Section 11379 of the Health and Safety Code is amended to read:
11379.
(a) Except as otherwise provided in subdivision (b), in Section 11377.1, and in Article 7 (commencing with Section 4211) of Chapter 9 of Division 2 of the Business and Professions Code, every person who transports, imports into this state, sells, furnishes, administers, or gives away, or offers to transport, import into this state, sell, furnish, administer, or give away, or attempts to import into this state or transport any controlled substance that is (1) classified in Schedule III, IV, or V and that is not a narcotic drug, except subdivision (g) of Section 11056, (2) specified in subdivision (d) of Section 11054, except paragraphs (13), (14), (15), (20), (21), (22), and (23) of subdivision (d), (3) specified in paragraph (11) of subdivision (c) of Section 11056, (4) specified in paragraph (2) or (3) of subdivision (f) of Section 11054, or (5) specified in subdivision (d) or (e), except paragraph (3) of subdivision (e), or specified in subparagraph (A) of paragraph (1) of subdivision (f), of Section 11055, unless upon the prescription of a physician, dentist, podiatrist, or veterinarian, licensed to practice in this state, shall be punished by imprisonment pursuant to subdivision (h) of Section 1170 of the Penal Code for a period of two, three, or four years.
(b) Notwithstanding the penalty provisions of subdivision (a), any person who transports any controlled substances specified in subdivision (a) within this state from one county to another noncontiguous county shall be punished by imprisonment pursuant to subdivision (h) of Section 1170 of the Penal Code for three, six, or nine years.
(c) For purposes of this section, “transports” means to transport for sale.

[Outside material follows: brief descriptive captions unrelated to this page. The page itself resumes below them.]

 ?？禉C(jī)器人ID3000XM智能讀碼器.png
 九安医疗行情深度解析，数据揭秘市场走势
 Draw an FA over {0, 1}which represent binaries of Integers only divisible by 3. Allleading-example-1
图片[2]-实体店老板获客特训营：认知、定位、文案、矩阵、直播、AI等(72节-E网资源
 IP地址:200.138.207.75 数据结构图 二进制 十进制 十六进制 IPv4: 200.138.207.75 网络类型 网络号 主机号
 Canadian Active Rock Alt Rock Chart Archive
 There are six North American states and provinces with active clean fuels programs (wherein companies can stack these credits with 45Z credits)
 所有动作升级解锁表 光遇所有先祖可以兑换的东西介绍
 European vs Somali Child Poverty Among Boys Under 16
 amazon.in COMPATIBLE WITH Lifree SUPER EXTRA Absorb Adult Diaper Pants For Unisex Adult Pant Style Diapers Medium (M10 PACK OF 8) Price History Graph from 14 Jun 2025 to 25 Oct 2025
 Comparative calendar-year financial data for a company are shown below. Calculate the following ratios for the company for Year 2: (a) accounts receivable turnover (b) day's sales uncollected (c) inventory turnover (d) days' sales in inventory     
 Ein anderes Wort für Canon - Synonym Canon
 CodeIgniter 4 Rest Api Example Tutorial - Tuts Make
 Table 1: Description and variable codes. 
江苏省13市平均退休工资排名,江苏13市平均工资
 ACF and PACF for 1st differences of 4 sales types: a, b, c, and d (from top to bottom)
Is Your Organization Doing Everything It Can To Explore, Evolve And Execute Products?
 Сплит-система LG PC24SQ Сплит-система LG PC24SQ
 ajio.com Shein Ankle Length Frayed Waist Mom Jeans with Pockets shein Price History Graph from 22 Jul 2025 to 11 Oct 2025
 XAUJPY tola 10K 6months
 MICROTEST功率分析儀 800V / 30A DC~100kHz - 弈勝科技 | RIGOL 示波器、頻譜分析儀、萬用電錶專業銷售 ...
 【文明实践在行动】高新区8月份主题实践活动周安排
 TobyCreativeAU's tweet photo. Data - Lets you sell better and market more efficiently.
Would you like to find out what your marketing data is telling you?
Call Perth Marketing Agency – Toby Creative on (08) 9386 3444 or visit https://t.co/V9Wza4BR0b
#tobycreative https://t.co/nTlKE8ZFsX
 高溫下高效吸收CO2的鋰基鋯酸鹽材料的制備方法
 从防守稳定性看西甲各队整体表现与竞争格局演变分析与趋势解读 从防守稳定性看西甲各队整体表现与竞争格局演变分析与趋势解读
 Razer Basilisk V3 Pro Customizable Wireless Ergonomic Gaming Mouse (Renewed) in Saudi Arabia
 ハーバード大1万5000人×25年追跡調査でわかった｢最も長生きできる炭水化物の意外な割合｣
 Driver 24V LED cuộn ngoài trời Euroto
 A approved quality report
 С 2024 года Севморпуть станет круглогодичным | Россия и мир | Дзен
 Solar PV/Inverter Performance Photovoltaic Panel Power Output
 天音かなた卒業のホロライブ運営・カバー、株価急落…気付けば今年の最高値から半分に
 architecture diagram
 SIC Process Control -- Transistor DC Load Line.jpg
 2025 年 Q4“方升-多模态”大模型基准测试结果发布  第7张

(d) Nothing in this section is intended to preclude or limit prosecution under an aiding and abetting theory, accessory theory, or a conspiracy theory.
SEC. 12.
Section 11382 of the Health and Safety Code is amended to read:
11382.
Except as otherwise provided in Section 11377.1, every person who agrees, consents, or in any manner offers to unlawfully sell, furnish, transport, administer, or give any controlled substance that is (a) classified in Schedule III, IV, or V and that is not a narcotic drug, or (b) specified in subdivision (d) of Section 11054, except paragraphs (13), (14), (15), and (20) of subdivision (d), specified in paragraph (11) of subdivision (c) of Section 11056, or specified in subdivision (d), (e), or (f) of Section 11055, to any person, or offers, arranges, or negotiates to have that controlled substance unlawfully sold, delivered, transported, furnished, administered, or given to any person and then sells, delivers, furnishes, transports, administers, or gives, or offers, or arranges, or negotiates to have sold, delivered, transported, furnished, administered, or given to any person any other liquid, substance, or material in lieu of that controlled substance shall be punished by imprisonment in the county jail for not more than one year, or pursuant to subdivision (h) of Section 1170 of the Penal Code.
SEC. 13.
Section 11550 of the Health and Safety Code is amended to read:
11550.
(a) A person shall not use, or be under the influence of any controlled substance that is (1) specified in subdivision (b), (c), or (e), or paragraph (1) of subdivision (f) of Section 11054, specified in paragraph (15), (21), (22), or (23) of subdivision (d) of Section 11054, specified in subdivision (b) or (c) of Section 11055, or specified in paragraph (1) or (2) of subdivision (d) or in paragraph (3) of subdivision (e) of Section 11055, or (2) a narcotic drug classified in Schedule III, IV, or V, except when administered by or under the direction of a person licensed by the state to dispense, prescribe, or administer controlled substances. It shall be the burden of the defense to show that it comes within the exception. A person convicted of violating this subdivision is guilty of a misdemeanor and shall be sentenced to serve a term of not more than one year in a county jail. The court may also place a person convicted under this subdivision on probation for a period not to exceed five years.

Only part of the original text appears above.